One of the pallet loads of electrical equipment in the Cutting Room.
These fans and light fittings have been removed from the Machine & Cutting rooms. There had been plans to have the Mill Market stalls operate from the Machine Room, so lots of fittings and ducting were taken out in preparation.
More light fittings, half-dismantled air-condition ducting & a water tank
The trapdoor in the Machine Room floor leading down into a shelved storage area. How, why? - escapes me.

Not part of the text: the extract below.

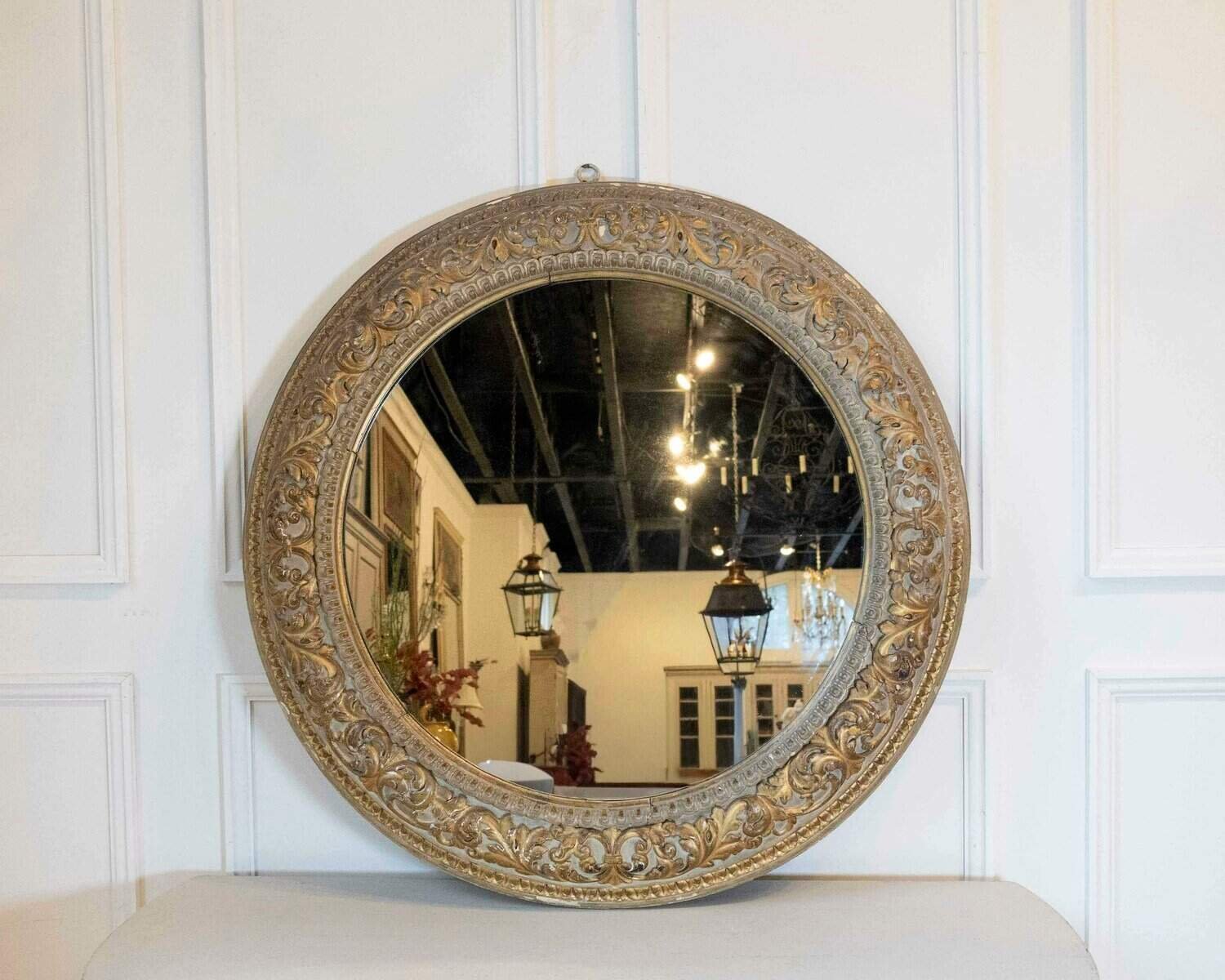 ON HOLD - Italian Giltwood Round Mirror, Finely Carved, 19th Century - JAA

Signs 1. The main FJ sign (behind the tree, the full sign says Fletcher Jones & Staff. 2. The FJ roundel has been an advertising feature since the 1930s, there was one on a pillar of the concrete anchor fence and the Lava Street elevation of the sewing room, and a central tower built between the canteen and the cutting room (the location of Fletcher Jones’ office). The tower & signage above the first floor level has been removed. 3. An FJ slogan in the Pressing/Dry cleaning area “Quality above all”, and it was - FJ were famous for their mens suits and box-pleated skirts. 4. Maybe it was “No walkway” when the equipment filled the Machine Room, now it hangs above an empty space. 5. “Any person or persons riding on stacker hoist will be instantly dismissed” no three strikes and you’re out in those days. 6. The sign above a chute hole from the Machine Room to the floor below.
So endeth my visit to the Fletcher Jones site, it was an eye-opener. Again thanks to the Mill Market people for giving up their time to guide me round.